2. Description of the Prior Art
Refrigerators for domestic use are nowadays increasingly supplied with built-in ice makers. The ice maker serves to produce cube-shaped ice pieces or ice pieces of other shapes, which can typically be dispensed via an ice-piece dispenser integrated into a door of the refrigerator. The ice pieces are produced in an ice-making tray, which has a plurality of cavities for producing one ice piece each.
While in some refrigerator models the ice maker is situated in the body of the refrigerator, in other refrigerator models the ice maker is arranged in the door of the cabinet. When the ice maker is arranged in the door there is the problem that, after the ice-making tray has been filled with fresh water, the water can spill out of the tray when the door is moved quickly and jerkily if the water has not yet solidified to form ice.

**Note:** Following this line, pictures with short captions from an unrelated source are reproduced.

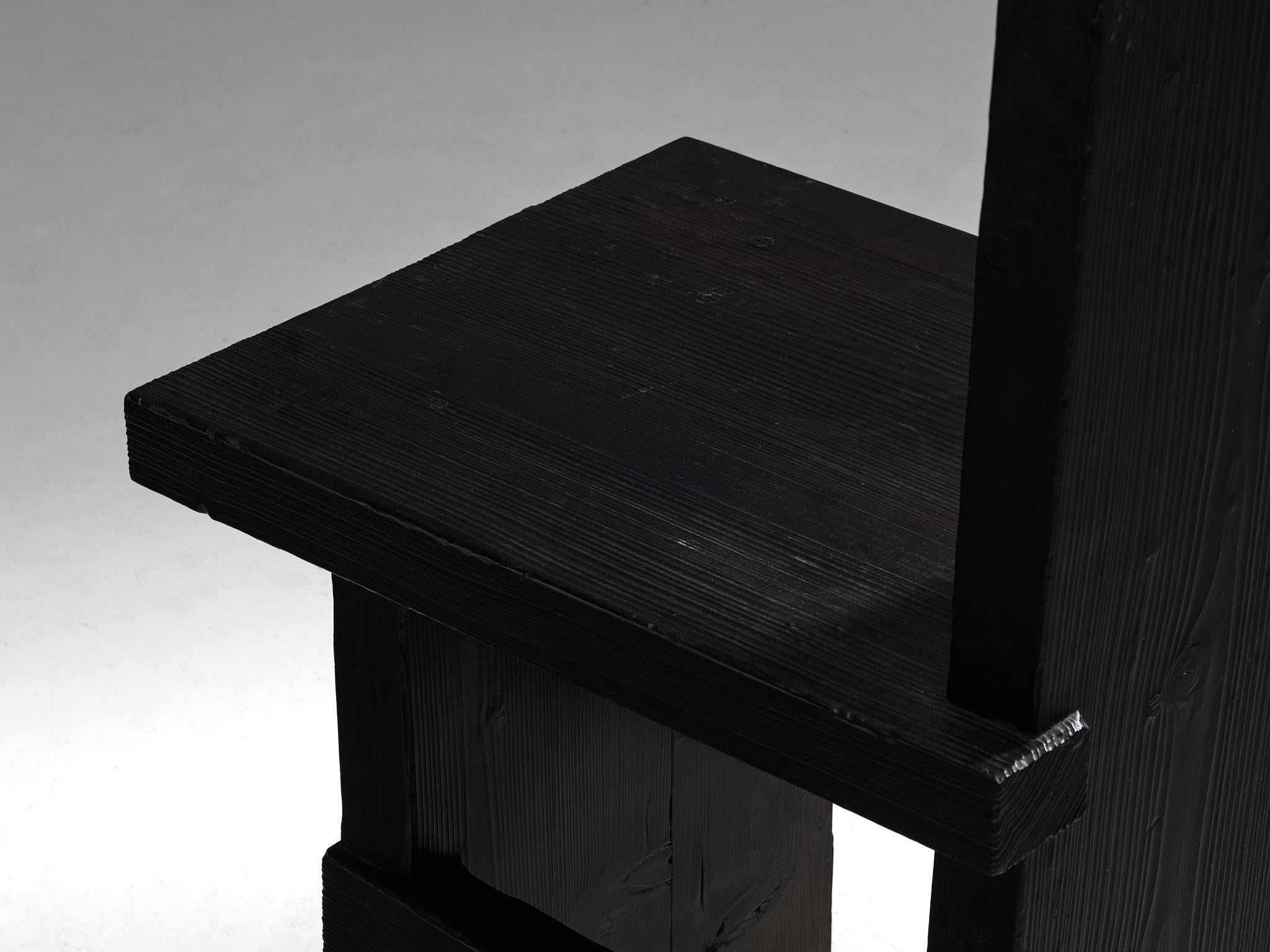 Studio D Italy Brutalist Chair in Solid Darkened Wood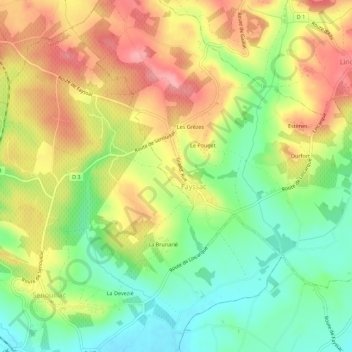 Mapa topográfico Le Colombier, altitude, relevo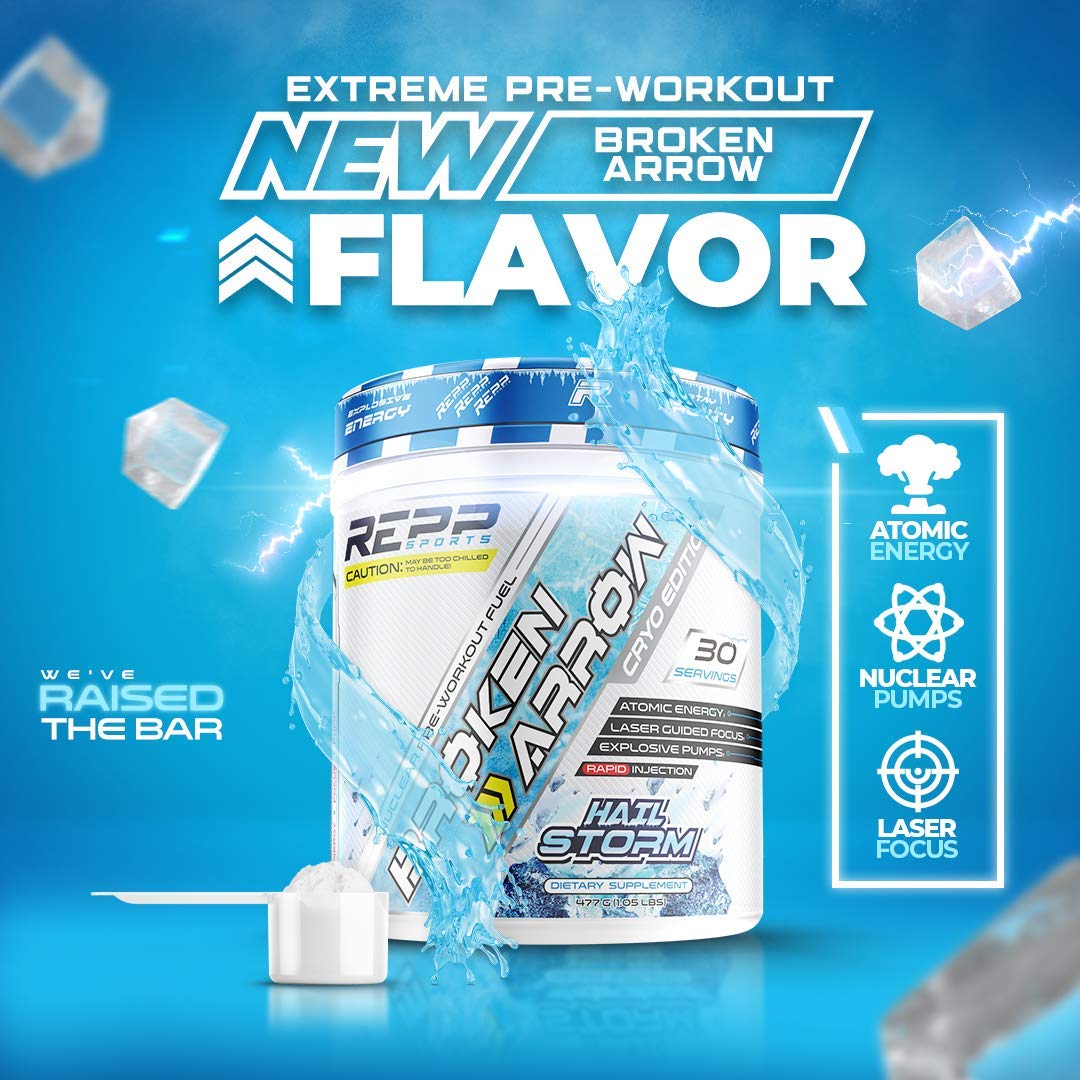 Repp Sports Broken Arrow Extreme Pre-Workout | Intense Energy and Endurance Support (Hail Storm, 20/40 Servings)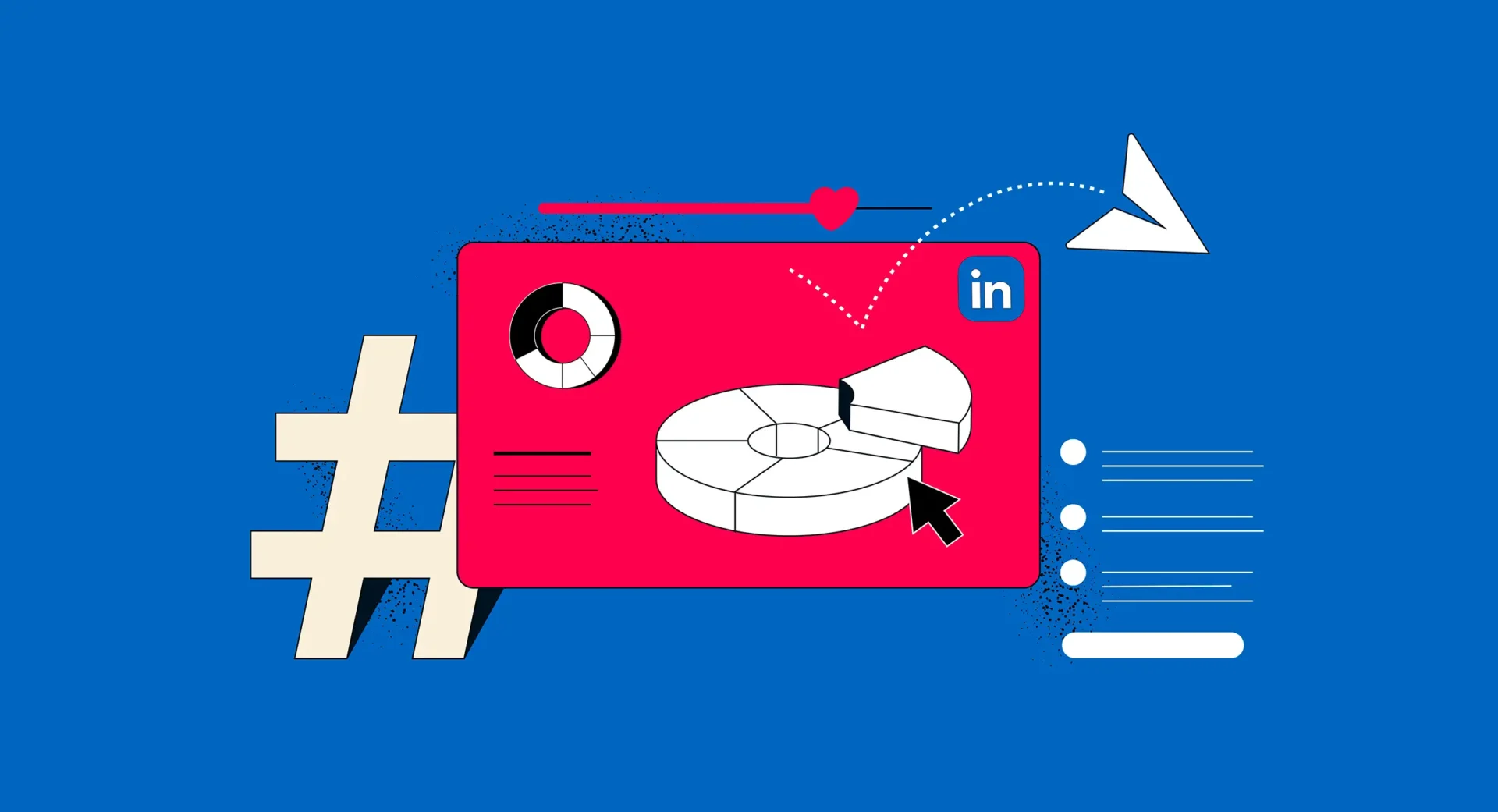 Heller blauer Hintergrund mit roter LinkedIn-Grafik, Tortendiagramm, Mauszeiger und Social-Icons.
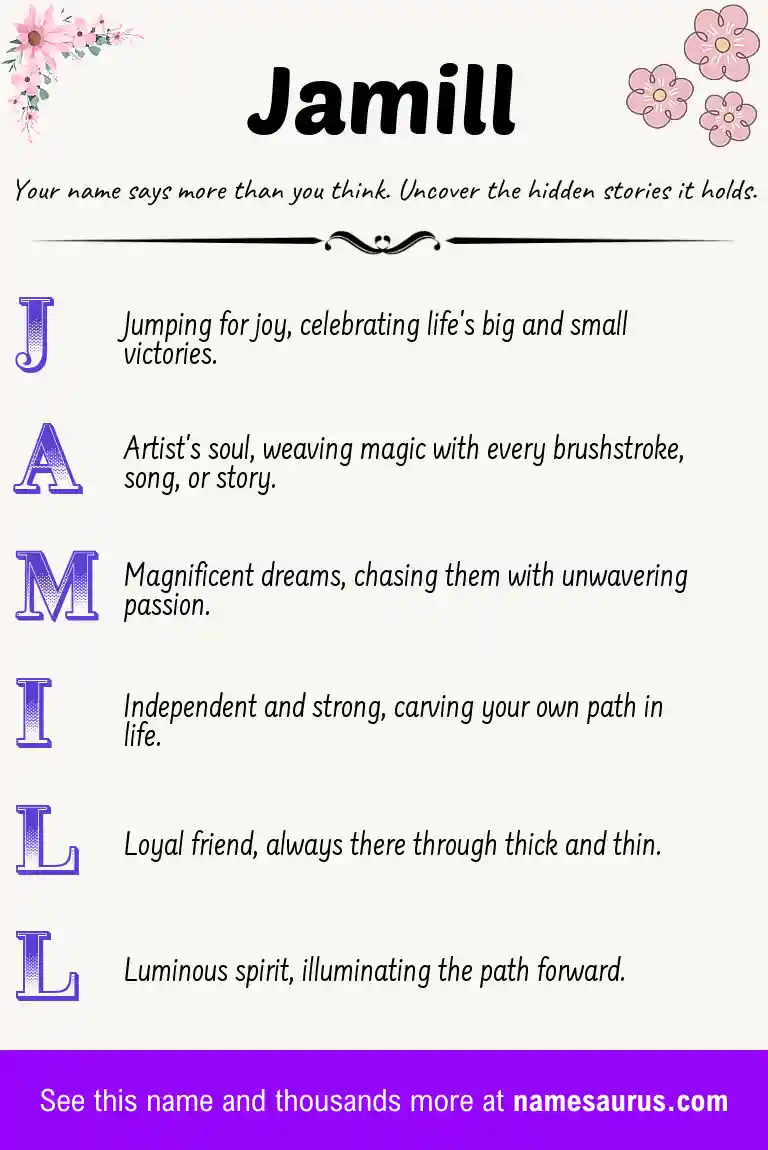 Acrostic poem about Jamill.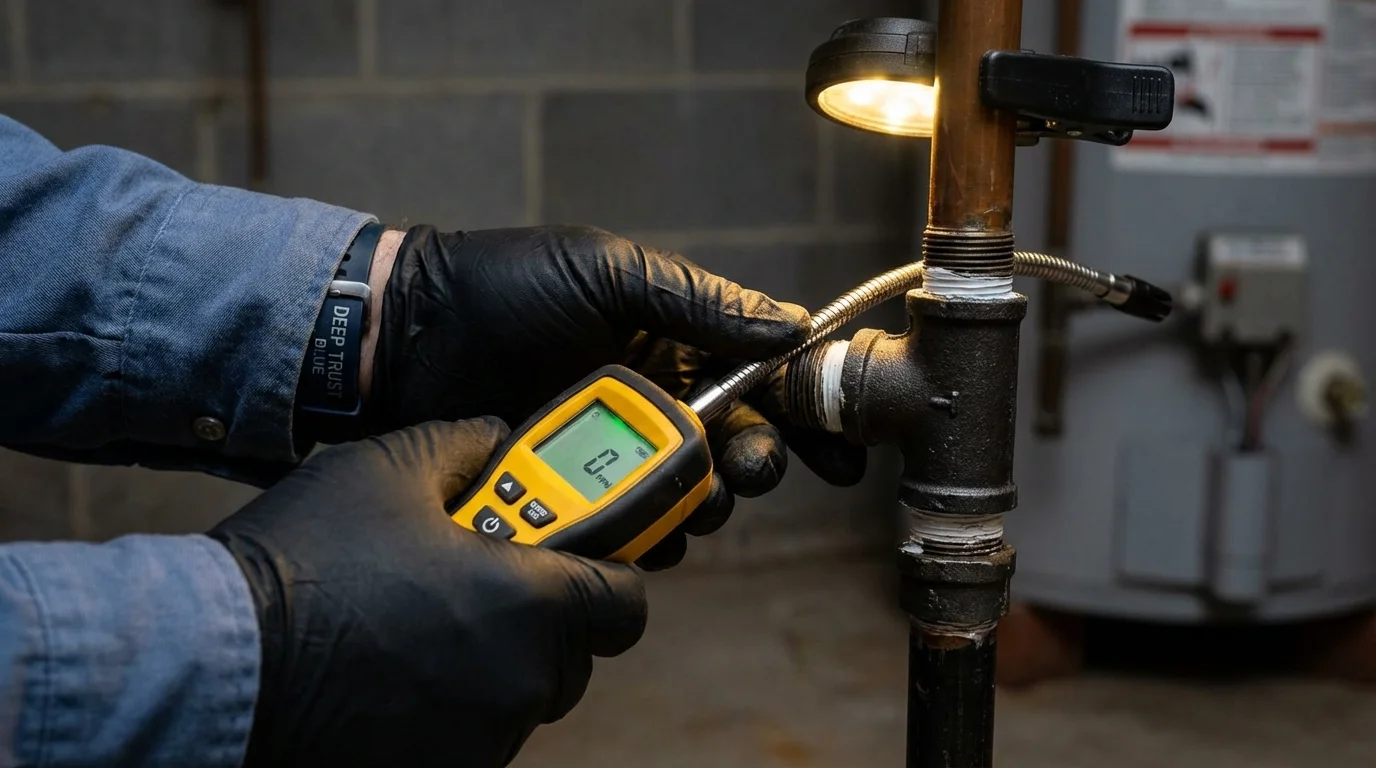 Gas leak detection with electronic sniffer by Johns Plumbing LLC in Belle Vernon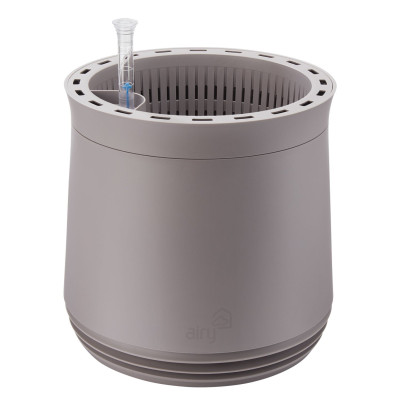 AIRY Pot M (grau) inkl. zwei Beutel AIRY Base Substrat, Wassertank & Wasserstandsanzeiger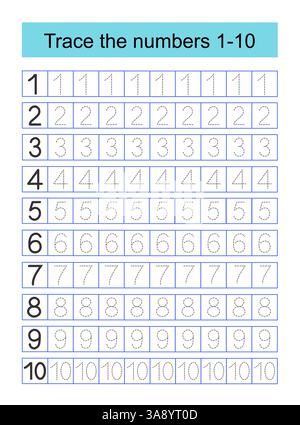 Materiale educativo per bambini. Attività del foglio di lavoro in età prescolare. Traccia linee tratteggiate. Numero di fogli di lavoro per i bambini per esercitarsi a scrivere i numeri. Numeri Illustrazione Vettoriale
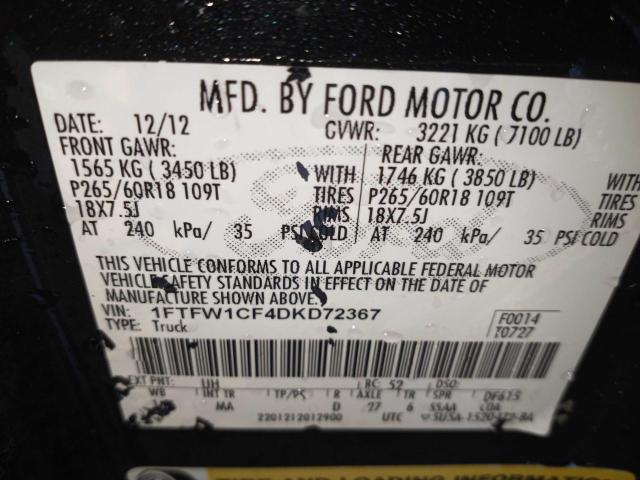 Photo 9 VIN: 1FTFW1CF4DKD72367 - FORD F150 SUPER 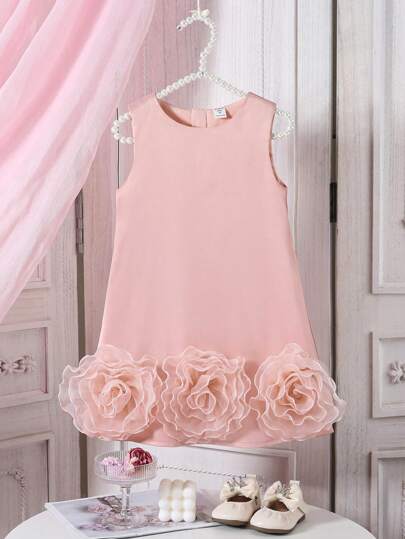 SHEIN Glamorique Kids 1pc Young Girls Wedding Flower Girl  Elegant Satin Sleeveless Dress With Big Flower & Bow, Suitable For Wedding, Party, Stage Performance In Summer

Protecting walls can be provided as spillage protection in front of, at the side of or/and behind the ice-making tray, which protecting walls ensure that water spilling out of the tray is guided back into the tray and does not drip down the door or even spill into the cooling chamber of the refrigerator. Although such protecting walls can provide satisfactory spillage protection, a problem which can arise in connection with rotatably mounted ice-making trays, which are rotated about an axis of rotation in order to eject the finished ice pieces, is that ice bridges form between the tray and the surrounding protecting walls. Such ice bridges can impede or even block rotation of the ice-making tray. In some circumstances, this can result in damage to a rotary drive motor for the ice-making tray.